Ich hoffe, wir sehen uns wieder. Und wir werden einander verstehen, denn das geht in beide Richtungen. Mich haben früher auch Freunde hängen gelassen, weil sie clean geworden sind und keinen Umgang mehr haben wollten mit einem Junkie. Aus reinem Selbstschutz. Kann ich gut verstehen. So geht's mir jetzt.

Kommen wir zurück zu Ihrer Arbeit. Welche Verbindung gibt es zwischen Ihnen und der öffentlichen Figur Peter Doherty?

Die beiden sind unzertrennlich.

Verstehe.
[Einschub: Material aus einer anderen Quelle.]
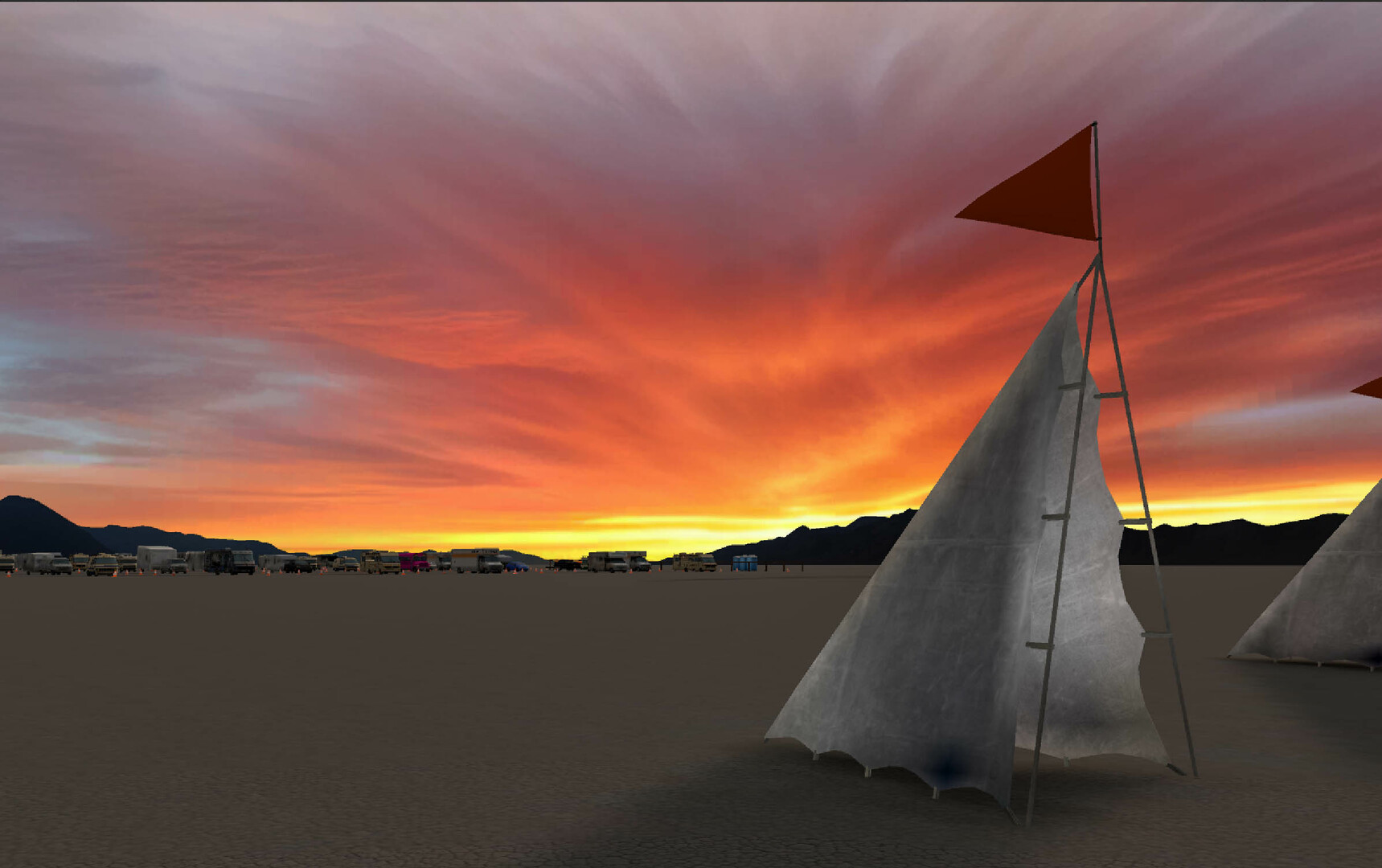 BurnerSphere Screenshot 1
Woher schöpfen Sie denn Ihre Ideen?

Naja, eins meiner Lieblingsbücher ist "Brighton Rock" von Graham Greene. Ich habe es als Grundlage für zig Songs benutzt und immer wieder daraus geklaut. Ich habe über die Hauptfigur Pinky geschrieben seit ich 17 bin. Außerdem habe ich ihn immer wieder gezeichnet. Ich bin von der Figur besessen. Selbst dieses Jacket (Er zeigt auf sein schwarzes etwas abgewetztes Jacket) habe ich ausgewählt, weil ich mir vorstelle, das Pinky das getragen haben könnte. So ein bisschen abgewetzter Style. Aber eben Style.

Ich glaube auf jeden Fall, dass es noch ein Libertines-Album geben wird. Aber keine Ahnung, wie das klingen soll.

Peter Doherty

Wie haben Sie es geschafft, über einen langen Zeitraum fortwährend gute Songs zu schreiben?

Das ist eine wirklich schöne Frage. Ich mag diese Frage. Aber ich weiß es nicht. Ich habe einfach immer alles gegeben, um gute Songs zu schreiben. Als ich zum ersten Mal "The Smiths" hörte, war mir schnell klar, das ist genau mein Ding. Ich habe in diesen Stücken gelebt und natürlich denen einiger andere Bands.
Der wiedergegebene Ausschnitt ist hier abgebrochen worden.